2022年、3年ぶりに開催されたサンディエゴ・コミコンで最もプロモーションに力を入れていたのが『ロード・オブ・ザ・リング:力の指輪』でした。会場近くの建物に巨大な広告がいくつも掲出されており、入場時に配るIDパスにもすべてこの作品のビジュアルが刷り込まれていました。Amazonプライムが本作にかける意気込みを感じます。

米サンディエゴにて筆者撮影

このドラマシリーズは、映画でも大ヒットした「ロード・オブ・ザ・リング」(以下「LOTR」)をベースにしていますが、「①:あの映画の続編ではない」「②:あの映画と同じ原作をドラマ化したものではない」のです。

『ロード・オブ・ザ・リング:力の指輪』© Amazon Studios

大雑把に説明すると、「LOTR」はJ・R・R・トールキンという作家が1954年に執筆し始めた同名のファンタジー小説が原作です(翻訳書のタイトルは「指輪物語」)。これをピーター・ジャクソンがイライジャ・ウッドやオーランド・ブルーム出演で三部作で映画化し大成功しました。

実は、この「LOTR」はトールキンが1937年に発表した「ホビットの冒険」の続編でもあり、これまたピーター・ジャクソンによって映画『ホビット』として三部作になりました(つまり続編の「LOTR」の方が先に映画化されたのです)。

「LOTR」「ホビット」サーガ基本の㋖解説

「LOTR」も「ホビット」も、妖精や魔物が住む架空の地球“中つ国(ミドル・アース)”が主な舞台。そして中つ国の“第三紀”と呼ばれる時代のお話という設定になっています。トールキンは、この第三紀に至るまでの中つ国の歴史を描いた物語の構想も持っていたようですが、前2作のようにまとまった形にはならなかった。トールキンの死後、遺族は断片的に見つかったトールキンの原稿―いくつかの設定やアイデア、物語―を編集して、「シルマリルの物語」として発表しました。

新版 シルマリルの物語

ドラマ『力の指輪』は、まさにトールキンが書こうとしていた「LOTR」や「ホビット」の事件が起こる第三紀より前の中つ国を描いています。完全な原作がない代わりに、トールキンの残した設定等を活かしたオリジナル作品として作り上げたのです。

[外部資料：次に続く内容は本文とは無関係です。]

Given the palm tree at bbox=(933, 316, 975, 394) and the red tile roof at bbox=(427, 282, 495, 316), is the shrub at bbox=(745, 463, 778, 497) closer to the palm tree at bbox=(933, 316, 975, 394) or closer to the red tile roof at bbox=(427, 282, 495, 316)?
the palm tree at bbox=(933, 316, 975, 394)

『ロード・オブ・ザ・リング:力の指輪』© Amazon Studios

舞台設定は、ズバリ“第二紀”。第三紀よりも数千年前の時代です。というわけで、このドラマは小説「LOTR」「ホビット」の前日譚(プリクエル)なのですが、映画版のスタッフ、ピーター・ジャクソンは関わっていません。したがってお話し的にはつながっていますが、映画とはまた別の座組で作られたドラマなのです。なので過去の映画版を観ていなくても全く問題ありません。

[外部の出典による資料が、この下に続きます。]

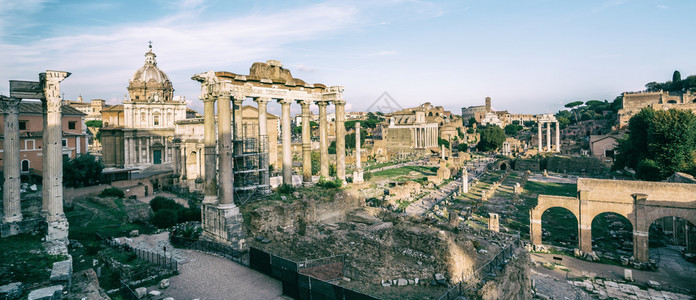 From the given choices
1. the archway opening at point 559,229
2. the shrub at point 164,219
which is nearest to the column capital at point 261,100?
the shrub at point 164,219

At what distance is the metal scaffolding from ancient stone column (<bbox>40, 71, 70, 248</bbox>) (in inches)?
253

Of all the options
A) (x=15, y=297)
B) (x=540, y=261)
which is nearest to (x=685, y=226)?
(x=540, y=261)

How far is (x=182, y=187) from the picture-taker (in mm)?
34125

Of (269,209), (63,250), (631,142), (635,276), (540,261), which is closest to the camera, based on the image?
(63,250)

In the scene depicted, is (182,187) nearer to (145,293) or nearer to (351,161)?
(145,293)

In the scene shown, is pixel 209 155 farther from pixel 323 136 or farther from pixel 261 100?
pixel 323 136

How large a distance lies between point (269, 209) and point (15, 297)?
294 inches

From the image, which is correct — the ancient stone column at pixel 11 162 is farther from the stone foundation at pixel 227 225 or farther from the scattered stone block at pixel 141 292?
the scattered stone block at pixel 141 292

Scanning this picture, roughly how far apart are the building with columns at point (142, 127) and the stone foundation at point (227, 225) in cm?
3240

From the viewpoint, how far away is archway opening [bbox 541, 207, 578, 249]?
73.7 ft

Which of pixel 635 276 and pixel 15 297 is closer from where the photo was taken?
pixel 15 297

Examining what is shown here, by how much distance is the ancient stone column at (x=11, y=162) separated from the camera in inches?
552

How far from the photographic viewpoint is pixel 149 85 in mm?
44812

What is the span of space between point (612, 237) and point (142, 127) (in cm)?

ただ、以下の「LOTR」の基礎知識はざっと押さえておくといいでしょう。

・主な舞台は中つ国を中心とする大昔の(架空の)地球。

・長寿で美しいエルフ族、人間、高度な鍛冶や工芸技能を持つドワーフ族、温厚だが勇敢な小人族ホビットや魔法使い、ドラゴン、悪魔などの魔物がいる世界。

・かつて力を持つ指輪が作られ、エルフに3つ、ドワーフに7つ、人間に9つ与えられた。

・しかし邪悪なる冥王サウロンが、すべての指輪を凌駕する絶大なパワーを持つ指輪を作り世界を破滅に導こうとした。

・エルフ、人間、ドワーフは手を組みサウロンに挑む。なんとかサウロンを抑え込もうとしたが、あと一歩のところで失敗。サウロンから指輪を斬り落とせたものの、サウロンは姿をくらまし指輪は行方不明に。

・サウロンは蘇り、今一度世界を征服しようとする。そのためにはあの指輪が必要だ。しかし、あの指輪は偶然にもホビット族のフロドが手にすることになった。

・サウロンに指輪を渡してはならぬ。指輪を破壊するにはこの指輪が作られた火の山に捨てるしかない。こうしてフロドはエルフ、人間、ドワーフ、魔法使いガンドルフらと指輪を捨てに行く冒険の旅に出る。

『ロード・オブ・ザ・リング:力の指輪』© Amazon Studios

「LOTR」が画期的だったのは、従来のファンタジーが<秘宝を探しに行く>という話だったのに対し、<秘宝を捨てに行く>物語なんですね。そして今回のドラマ『力の指輪』は、「そもそも指輪たちはどのように作られたのか?」「サウロンはいかにして生まれたのか?」的な部分をじっくり描きます。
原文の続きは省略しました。